The King’s rudeness annoyed the Ministers. Melbourne then had to soothe them. “It is best not to quarrel with him,” he would remark. “He is evidently in a state of great excitement.” But so, often, were they! Even without Brougham and Durham, they had turned out a difficult team to drive. Palmerston was rash and unmanageable, Glenelg feeble and languid; even John Russell, whom Melbourne looked on as the strong central pillar of his administration, was liable to what the cautious Melbourne considered fits of extreme indiscretion. Without a word of warning, in the Cabinet or, still worse, in public, he might come out with some dogmatic statement about his own opinions that was bound to cause a row. The chance that this might happen made Melbourne nervous. “I hope you have said nothing damn foolish,” he writes to him on one occasion. “I thought you were teeming with some imprudence yesterday.” Besides, if John Russell found himself unable to speak his mind as his principles directed, he was inclined to throw up the sponge. Three times at least, during these years, he threatened to resign: and had to be cajoled by his chief into staying in office. This irritated Melbourne. His irritation grew sharper when John Russell took upon himself to tell him that he ate too much and did not take enough exercise.

The King and his colleagues were not the only people to give Melbourne trouble. There was the Radical wing of his party exploding in righteous wrath every time he made a concession to the Tories: there was the Opposition in the House of Lords, always on their toes to trip the Government up, factious, carping, asking awkward questions and exulting in ugly pleasure over any Whig slip. It was true that Peel, for his own good reasons, did his best to keep them in check. But Melbourne could not feel that this was done in a spirit of sporting goodwill. Peel, in his view, was a cold, ungenerous, ungenial type of man—“Not a horse into whose stable you should go unadvisedly and without speaking to him before!” he warned John Russell; and again “he is cross and sarcastic which I take to be the nature of the man: it is only prudence and calculation which make him otherwise.”

Altogether, being Prime Minister was fully as troublesome as he had feared. Gradually the strain began to tell on his nerves. He slept very badly, and suffered from rheumatic attacks that kept him in bed for days at a time. Every month brought some new abortive crisis: every crisis left the Government a little more discredited. The nadir was reached in the late summer of 1836 after the Government had suffered a series of defeats in the House of Lords and every one—King, Irish, Radicals—seemed in a thoroughly bad temper. “It would try the patience of an ass,” Melbourne broke out one day. For the first time he began to wonder whether it might not be wiser to resign.

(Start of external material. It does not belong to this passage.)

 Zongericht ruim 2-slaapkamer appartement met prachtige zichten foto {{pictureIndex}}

Dissatisfaction with his immediate situation merged into a more general sense of sadness and disillusionment. He felt the fleetingness of things mortal more acutely than ever; saw himself more than ever as an alien in the new age. Especially down in the country at Brocket, where he had time to reflect and the atmosphere was soaked in memories of his happy childhood and brilliant youth, regret swept over him like a wave. The golden September sunlight bathing the stretches of turfy parkland seemed only to mock by contrast the sunless autumn of his own prevailing mood.

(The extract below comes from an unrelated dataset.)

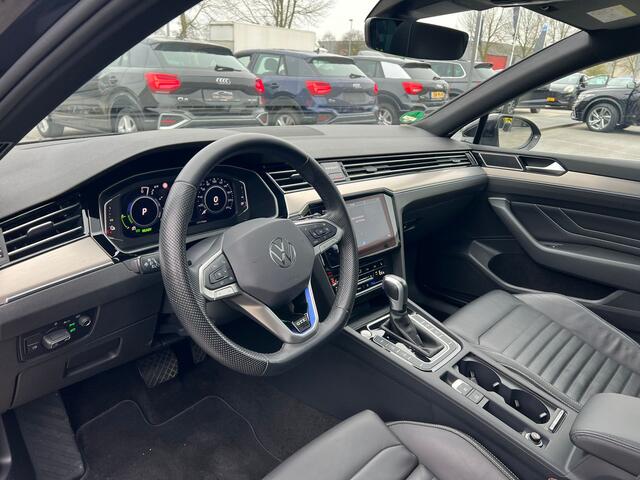Volkswagen PASSAT Variant 1.4 TSI PHEV GTE Business pano, leer, trekhaak, virtual cockpit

“Thou bringest the light of pleasure fled,

And hopes long dead.”

So he would be heard murmuring to himself as he gazed out of the window.

(4)

The events of his private life contributed to his depression. He had lost Miss Eden for the time being. In 1835, Miss Eden’s brother, Lord Auckland, was made Governor-General of India; and she went away with him. No longer could Melbourne look forward to calling on her each week, for an entertaining talk on the foibles of his colleagues or the Epistles of St. Paul; no longer could he relax his taut nerves in the pleasant warmth of her kindness and her good sense. “My mother always used to say,” he writes in a note of farewell, “that I was very selfish, both Boy and Man, and I believe she was right—at least I know that I am always anxious to escape from anything of a painful nature, and find every excuse for doing so. Very few events could be more painful to me than your going, and therefore I am not unwilling to avoid wishing you good-bye. Then God bless you—As to health, let us hope for the best. The climate of the East Indies very often re-establishes it. I send you a Milton, which I have had a long time and often read in. I shall be most anxious to hear from you and promise to write. Adieu.”

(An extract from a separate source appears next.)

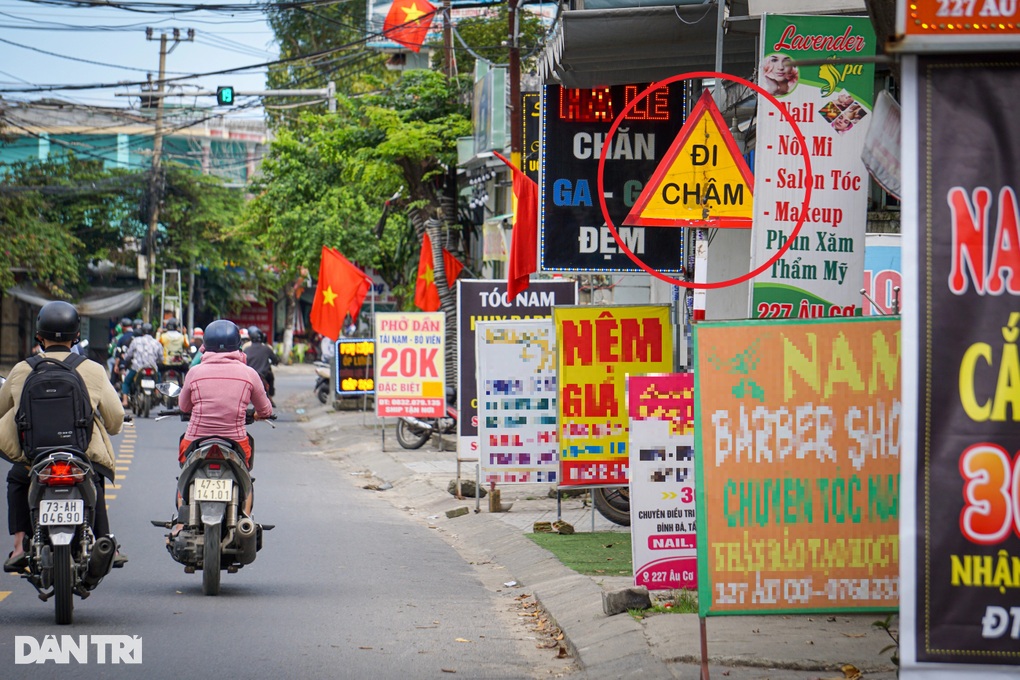 Ma trận biển báo giao thông (kỳ 7): Điều chỉnh kiểu chỉ đâu đánh đó? - 3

Then in the spring of 1836 he found himself in serious trouble over Mrs. Norton. She had been the central figure in his private life for the last five years. Either in his house or hers, they saw each other nearly every day; often for three hours at a time and often alone. She talked or listened to him about his political work; when he wanted to forget politics, they read poetry together, or flirted and gossiped. Such a relationship, innocent though in fact it might be, was bound to excite censorious comment. One man can steal a horse, says the proverb, while another cannot look over the hedge. Melbourne and Caroline belonged conspicuously to the second category. Both lived in the public eye: Melbourne because he was Prime Minister, Caroline because it was her nature so to do. Moreover, what with Lady Branden and the general amorous reputation of his family, Melbourne could not pay marked attention to a woman without people suspecting the worst. Nor was Caroline the type of woman to disarm their suspicions. She was showily beautiful, her conversation was the opposite of prudish and she had no sense of decorum. “Met Mrs. Norton at the French Ambassador’s,” notes the correct Lord Malmesbury in 1835. “She talked in a most extraordinary manner and kicked Lord Melbourne’s hat over her head. The whole corps diplomatique were amazed.” The world in general reacted to such exhibitions in the same way as the corps diplomatique: and disapproval mingled with their amazement. Indeed, Caroline had only maintained her precarious footing in respectable society in virtue of the fact that she had not broken its first fundamental law of conduct: she still lived under the same roof as her husband. As time passed, she found this growingly difficult.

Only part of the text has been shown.